**Work order**
Only the pictures are to be dropped; return all other data below exactly.
[Data below Boundary: Start]
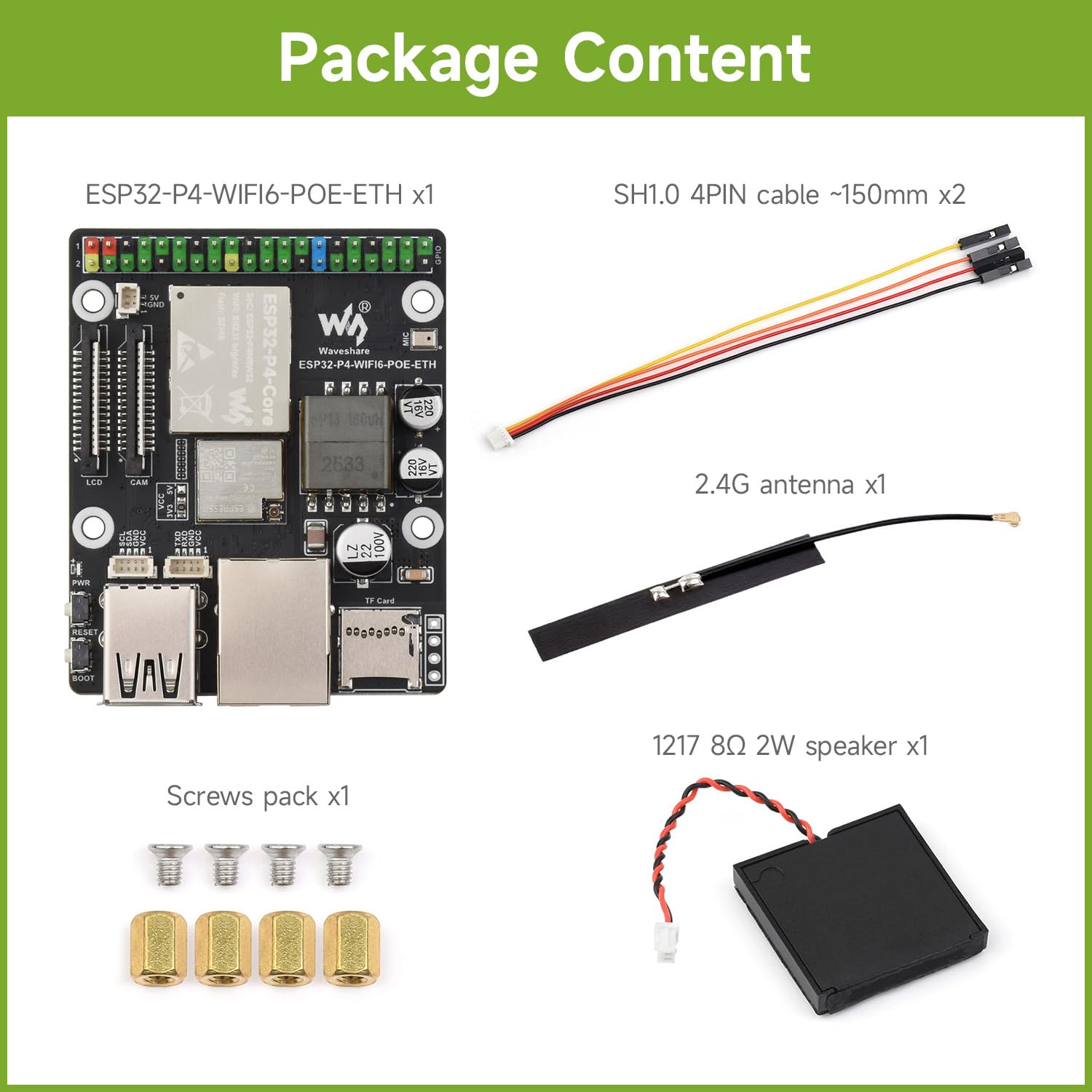 Waveshare ESP32-P4-WIFI6-POE-ETH High-Performance Development Board, Based on ESP32-P4 and ESP32-C6, Supports Wi-FI 6 and BT 5 (Le), with Integrated PoE Module for PoE Power Supply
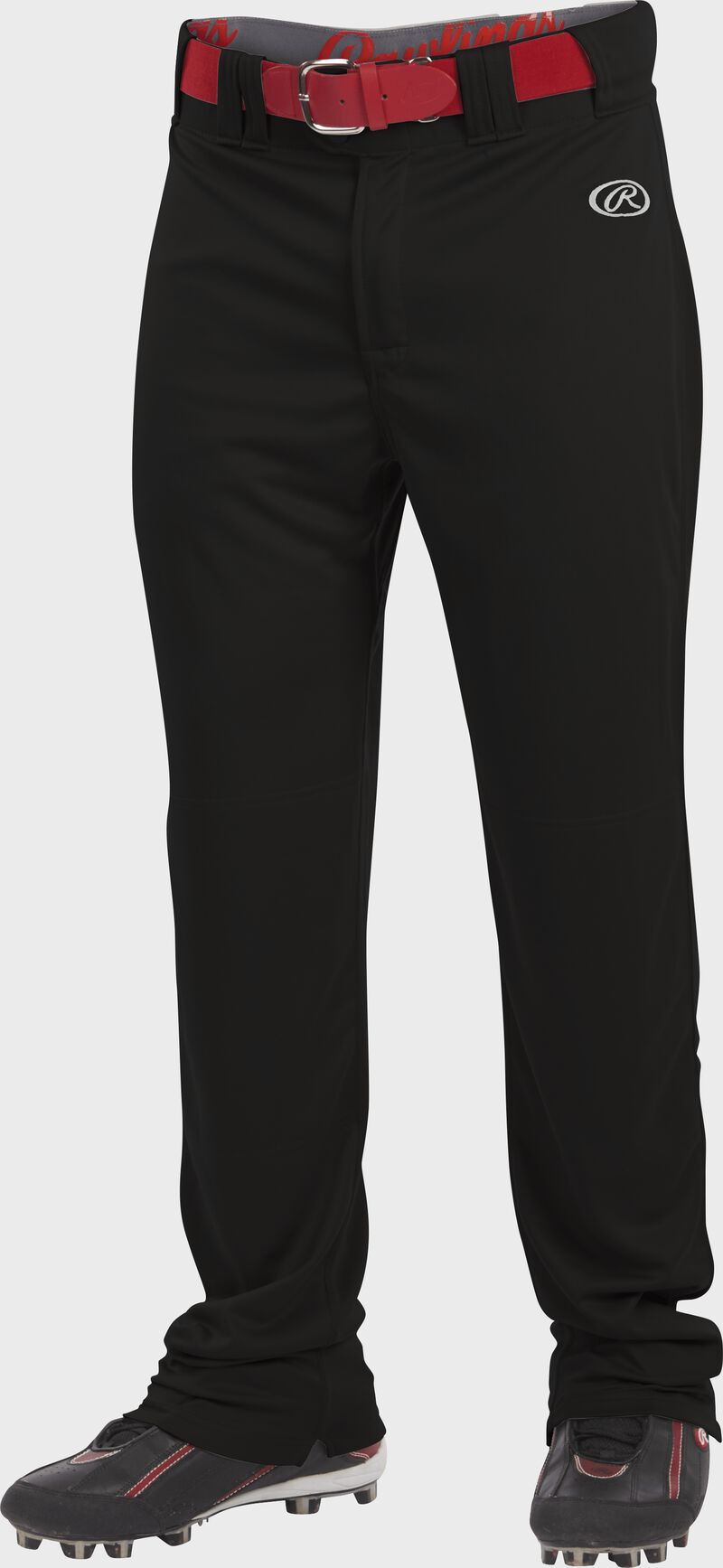 Front of Rawlings Adult Launch Semi-Relaxed Pant. This pant also has gel grip branded waistband with belt loops - SKU #LNCHSR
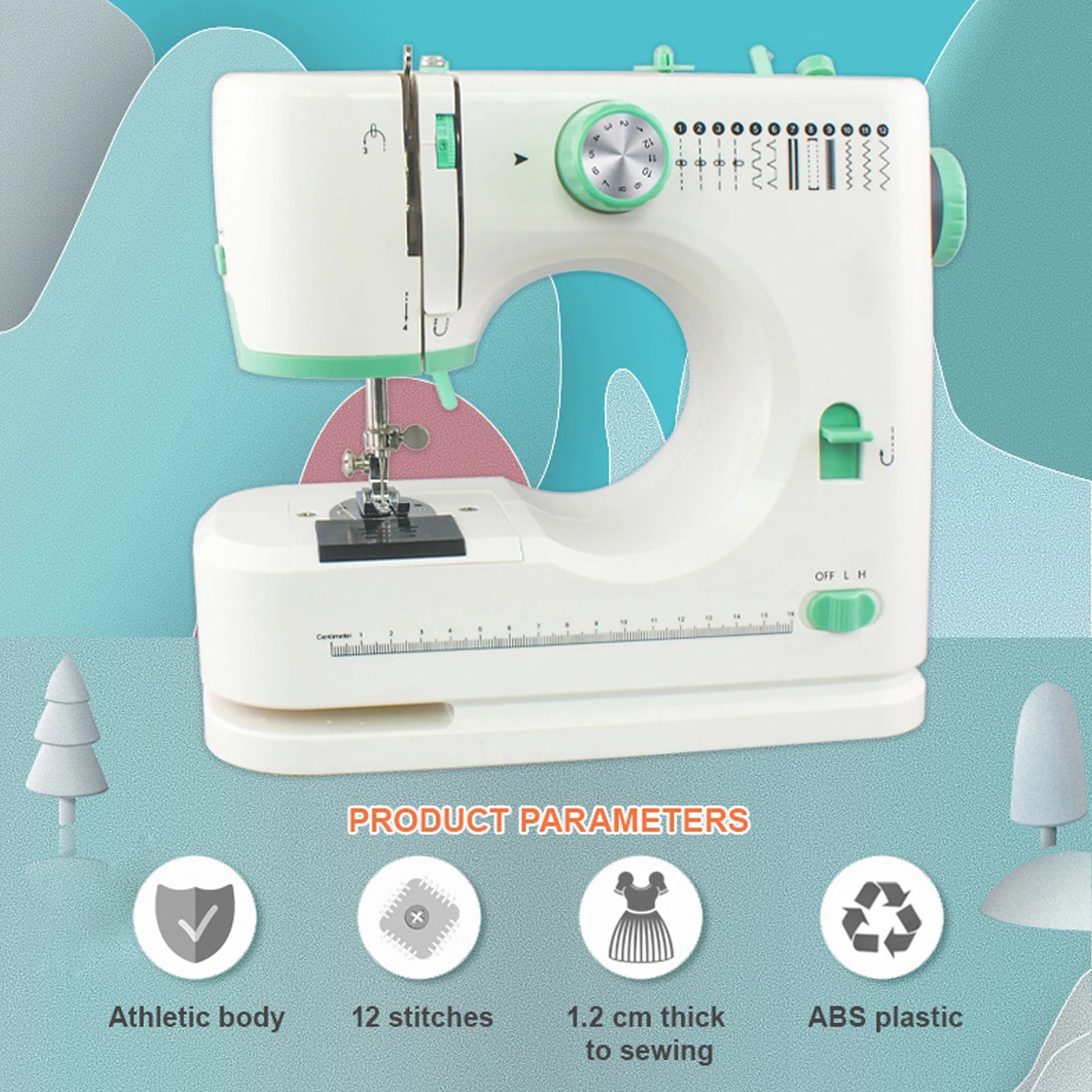 EU Stock Mini Portable Electric Sewing Machine for Household FLSM-520 Sewing Maquina De Coser Factory Price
[Data below Boundary: End]
**Answer to the problem**
 Waveshare ESP32-P4-WIFI6-POE-ETH High-Performance Development Board, Based on ESP32-P4 and ESP32-C6, Supports Wi-FI 6 and BT 5 (Le), with Integrated PoE Module for PoE Power Supply
 Front of Rawlings Adult Launch Semi-Relaxed Pant. This pant also has gel grip branded waistband with belt loops - SKU #LNCHSR
 EU Stock Mini Portable Electric Sewing Machine for Household FLSM-520 Sewing Maquina De Coser Factory Price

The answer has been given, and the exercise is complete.